If they implement something with a not-so-great approach, they'll keep adding workarounds or redundant code every time they run into limitations later.
If you tell them the code is slow, they'll try to add optimized fast paths (more code), specialized routines (more code), custom data structures (even more code). And then add fractally more code to patch up all the problems that code has created.
If you complain it's buggy, you can have 10 bespoke tests for every bug. Plus a new mocking framework created every time the last one turns out to be unfit for purpose.
If you ask to unify the duplication, it'll say "No problem, here's a brand new metamock abstract adapter framework that has a superset of all feature sets, plus two new metamock drivers for the older and the newer code! Let me know if you want me to write tests for the new adapters."
But I can see the carnage with offshoring+LLM, or "most employees", including so call software engineer + LLM.
LLM code is still mostly absurdly bad, unless you tell it in painstaking detail what to do and what to avoid, and never ask it to do a bigger job at a time than a single function or very small class.
Edit: I'll admit though that the detailed explanation is often still much less work than typing everything yourself. But it is a showstopper for autonomous "agentic coding".
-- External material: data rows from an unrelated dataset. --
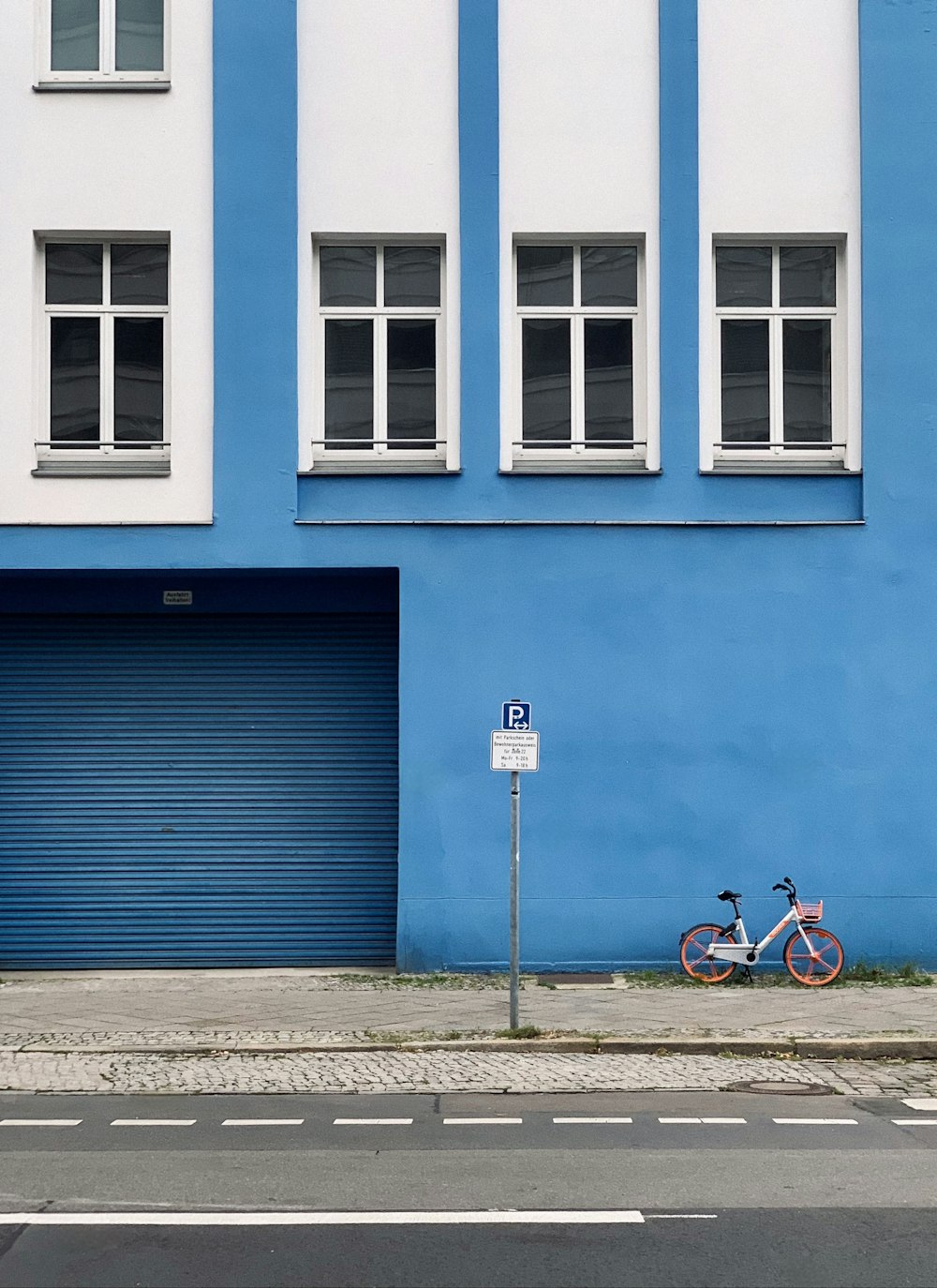 a bicycle parked next to a blue building
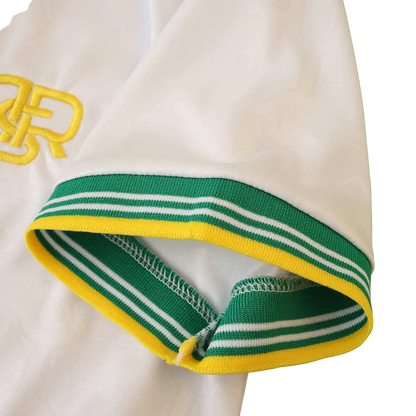 Manga de camisa infantil branca com punho listrado verde, branco e amarelo. Detalhe de bordado amarelo na camisa.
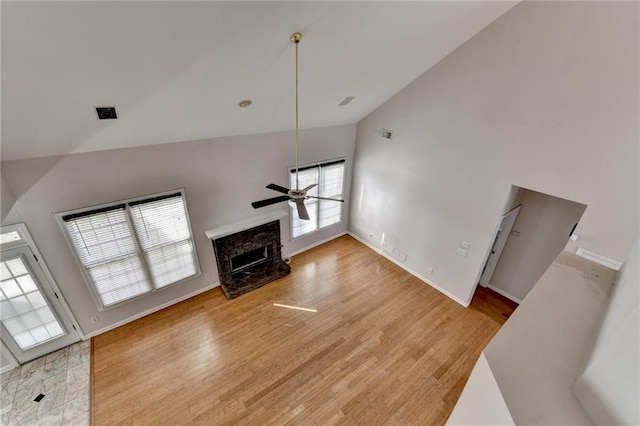 living room featuring light wood-style flooring, a ceiling fan, a high end fireplace, high vaulted ceiling, and baseboards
This is hyperbolic, but the general sentiment is accurate enough, at least for now. I've noticed a bimodal distribution of quality when using these tools. The people who approach the LLM from the lens of a combo architect & PM, do all the leg work, set up the guard rails, define the acceptance criteria, these are the people who get great results. The people who walk up and say "sudo make me a sandwich" do not.
Also the latter group complains that they don't see the point of the first group. Why would they put in all the work when they could just code? But what they don't see is that *someone* was always doing that work, it just wasn't them in the past. We're moving to a world where the mechanical part of grinding the code is not worth much, people who defined their existence as avoiding all the legwork will be left in the cold.
Maybe a bit, but unfortunately sometimes not so much. I recently had an LLM write a couple of transforms on a tree in Python. The node class just had "kind" and "children" defined, nothing else. The LLM added new attributes to use in the new node kinds (Python allows to just do "foo.bar=baz" to add one). Apparently it saw a lot of code doing that during training.
I corrected the code by hand and modified the Node class to raise an error when new attributes are added, with an emphatic source code comment to not add new attributes.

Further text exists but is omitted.